─── Records ───

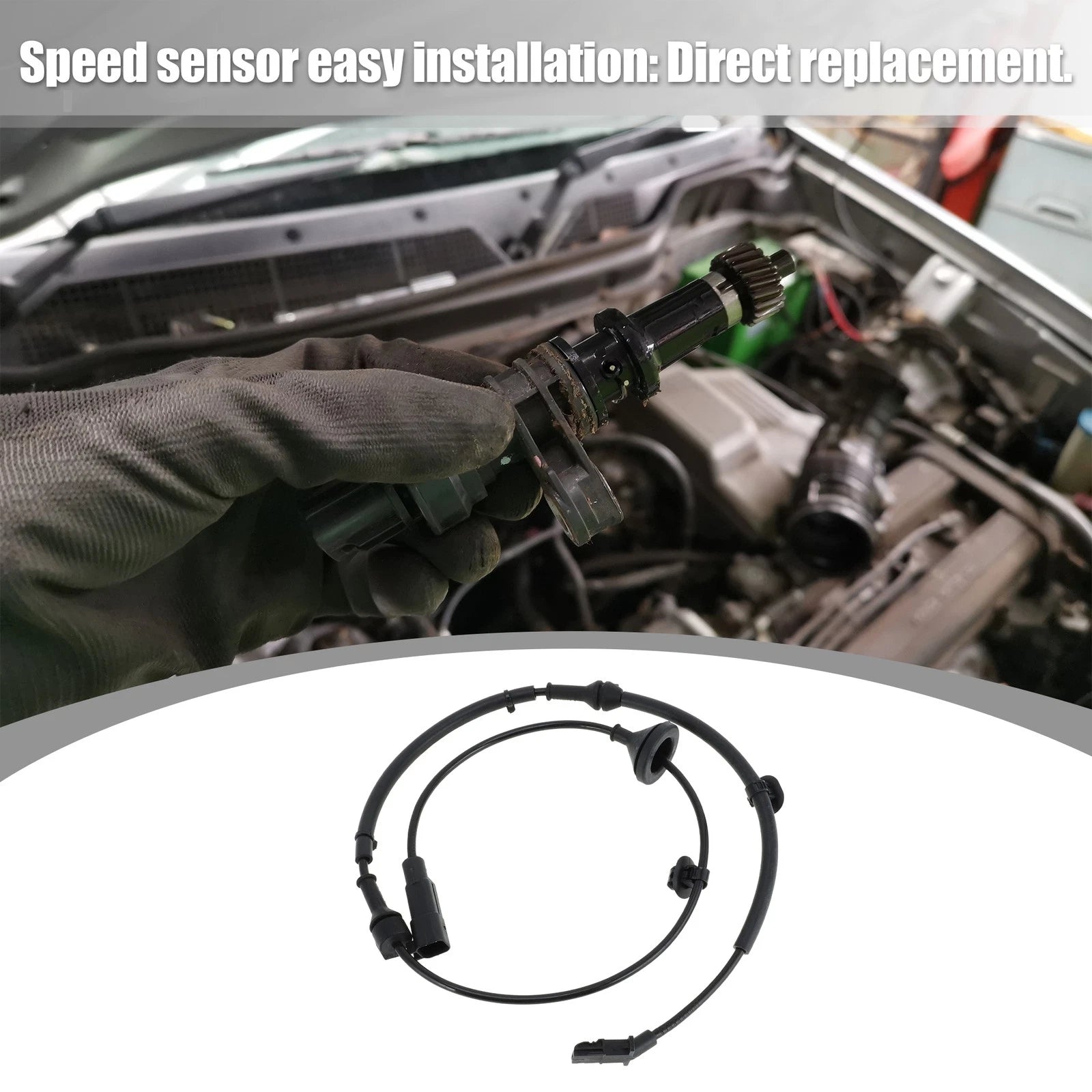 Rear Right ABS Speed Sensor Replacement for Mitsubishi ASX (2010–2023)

───
─── Records ───

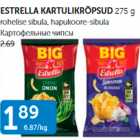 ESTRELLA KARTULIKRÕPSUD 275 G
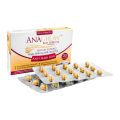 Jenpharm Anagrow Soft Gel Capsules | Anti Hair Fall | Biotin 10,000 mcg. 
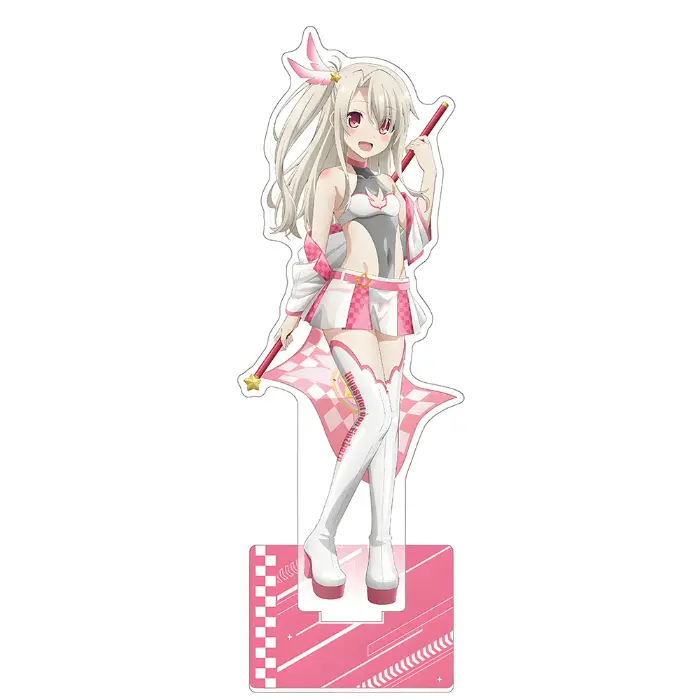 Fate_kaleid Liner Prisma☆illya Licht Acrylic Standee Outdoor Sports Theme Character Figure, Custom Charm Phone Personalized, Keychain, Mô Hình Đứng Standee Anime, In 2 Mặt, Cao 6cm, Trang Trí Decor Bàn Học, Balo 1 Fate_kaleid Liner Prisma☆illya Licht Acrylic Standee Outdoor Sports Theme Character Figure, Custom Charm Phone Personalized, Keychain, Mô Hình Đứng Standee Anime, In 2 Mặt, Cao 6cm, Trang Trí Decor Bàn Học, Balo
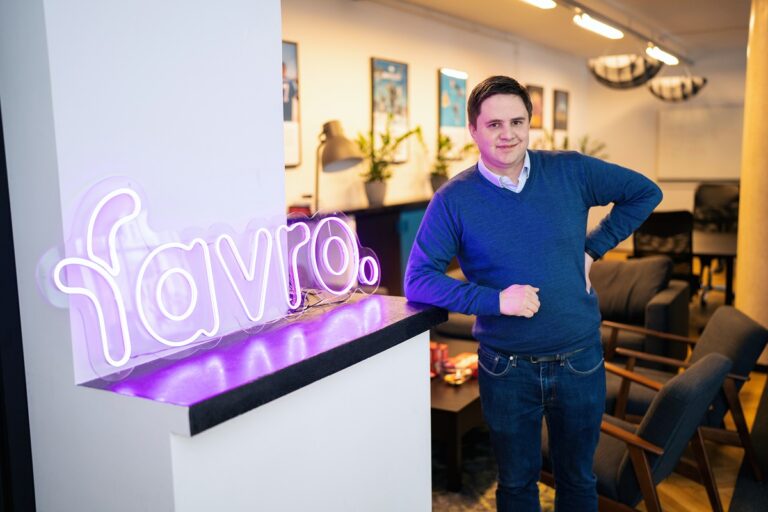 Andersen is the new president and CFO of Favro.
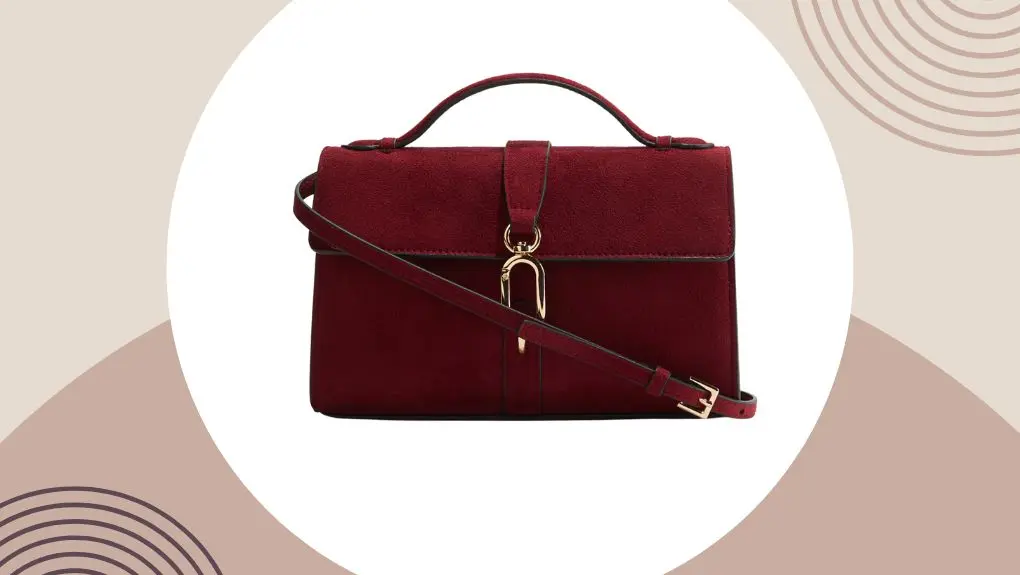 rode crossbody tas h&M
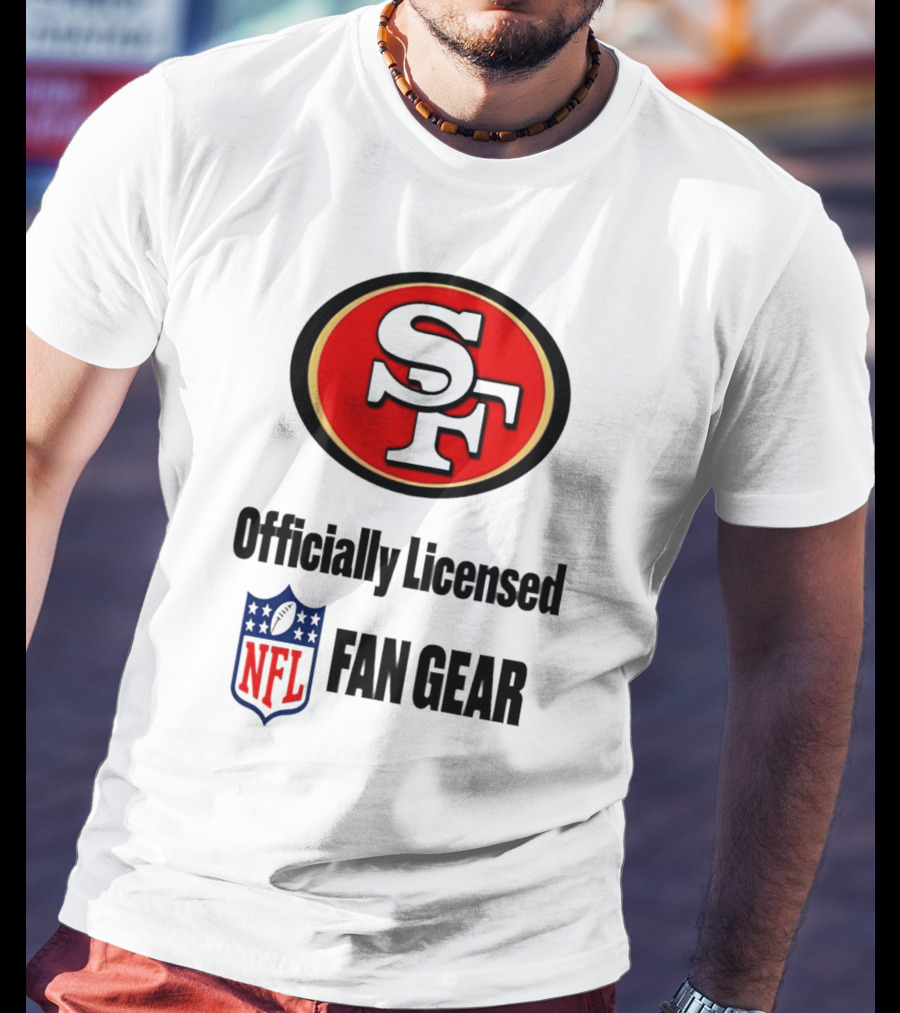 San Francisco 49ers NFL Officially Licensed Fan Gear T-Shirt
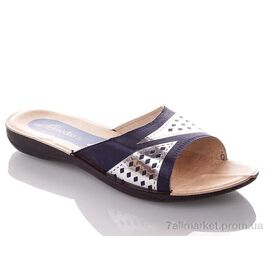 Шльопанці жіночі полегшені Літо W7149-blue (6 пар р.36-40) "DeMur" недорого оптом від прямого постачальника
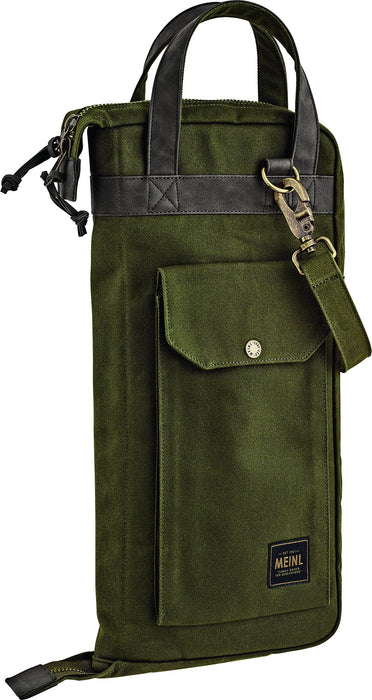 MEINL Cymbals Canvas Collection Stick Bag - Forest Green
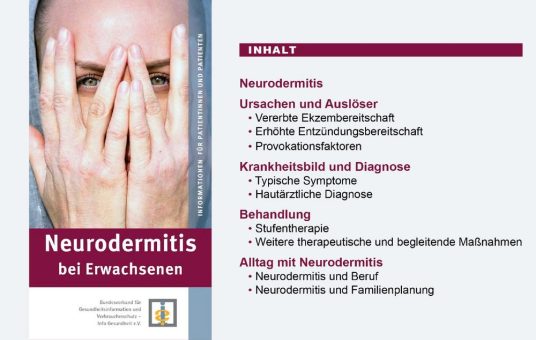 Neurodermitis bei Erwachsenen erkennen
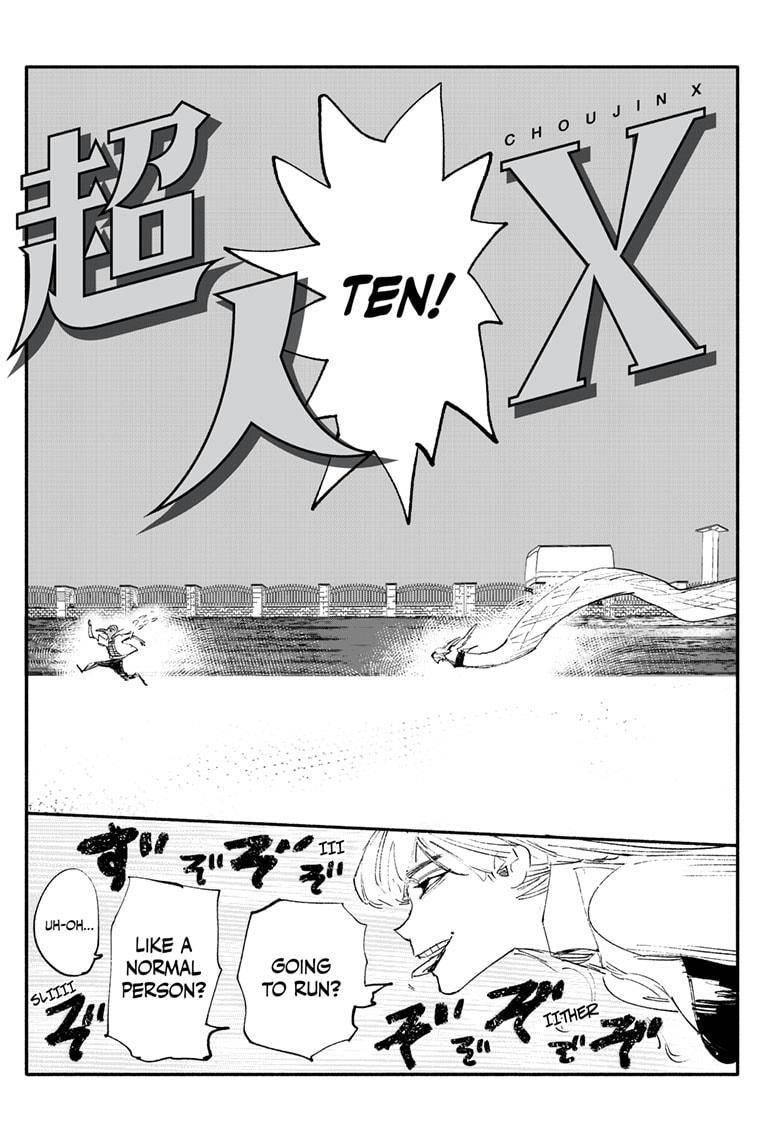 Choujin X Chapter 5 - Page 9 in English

───
─── Records ───

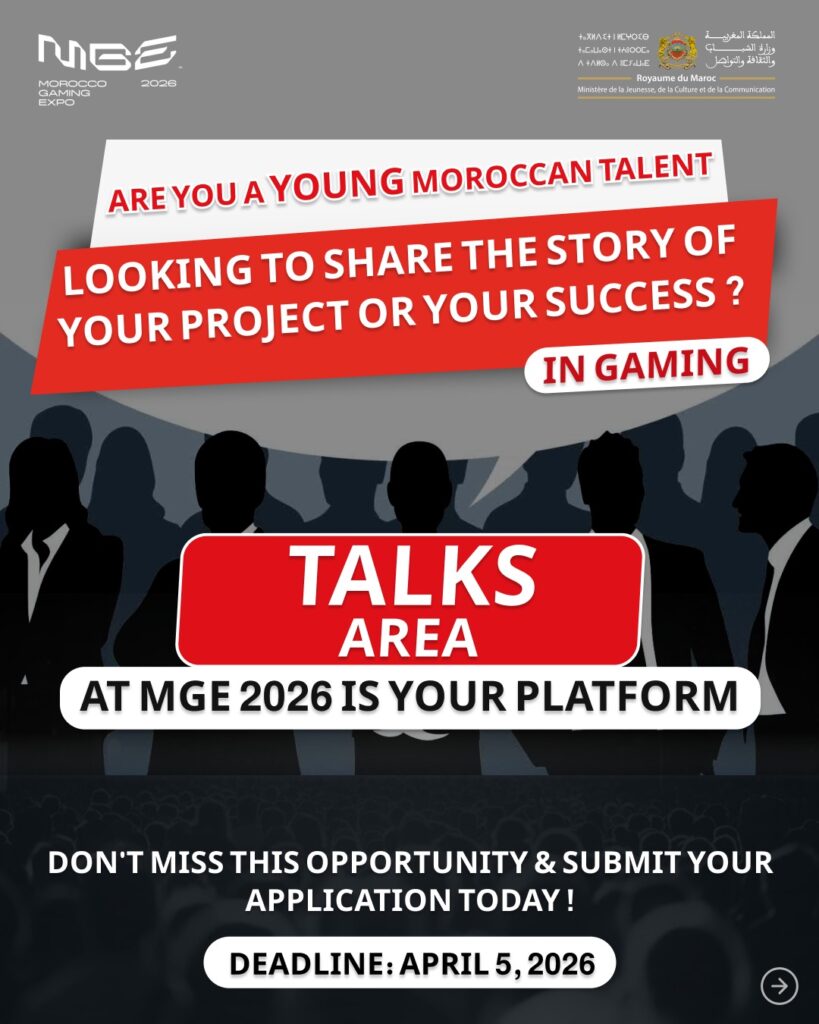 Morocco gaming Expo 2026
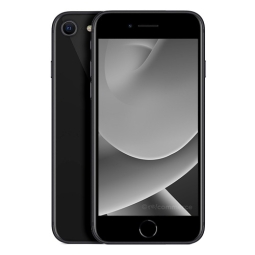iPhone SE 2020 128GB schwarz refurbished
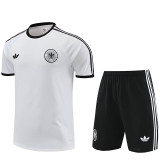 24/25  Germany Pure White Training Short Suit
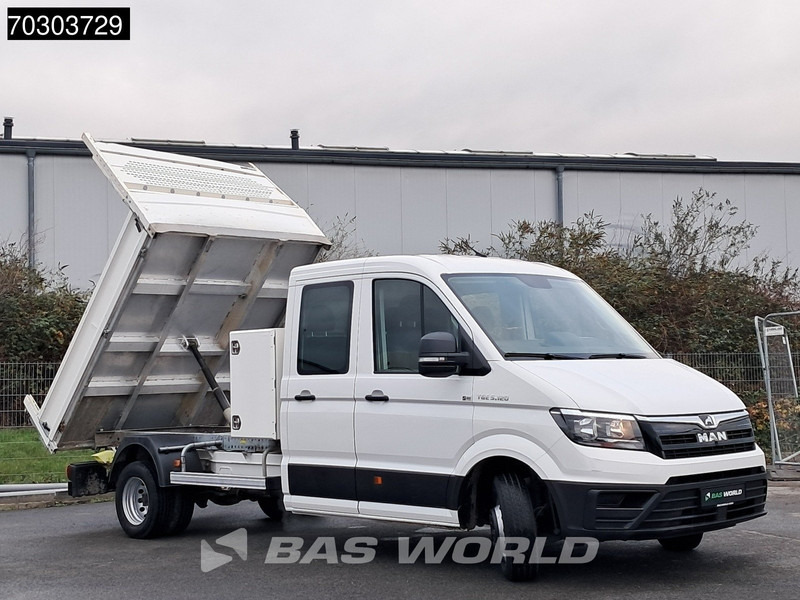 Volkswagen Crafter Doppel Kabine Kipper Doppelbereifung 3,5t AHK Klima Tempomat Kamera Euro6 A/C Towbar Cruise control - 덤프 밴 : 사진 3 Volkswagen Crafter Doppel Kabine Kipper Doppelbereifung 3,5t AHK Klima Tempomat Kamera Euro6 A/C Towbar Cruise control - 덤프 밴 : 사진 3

───

What to do: Everything above from the line containing "Andersen is the" down to the line containing "Choujin X Chapter 5 - Page 9 in English" is to be duplicated exactly, both lines included, and the pictures are to be omitted.

Task solution:
 Andersen is the new president and CFO of Favro.
 rode crossbody tas h&M
 San Francisco 49ers NFL Officially Licensed Fan Gear T-Shirt
 Шльопанці жіночі полегшені Літо W7149-blue (6 пар р.36-40) "DeMur" недорого оптом від прямого постачальника
 MEINL Cymbals Canvas Collection Stick Bag - Forest Green
 Neurodermitis bei Erwachsenen erkennen
 Choujin X Chapter 5 - Page 9 in English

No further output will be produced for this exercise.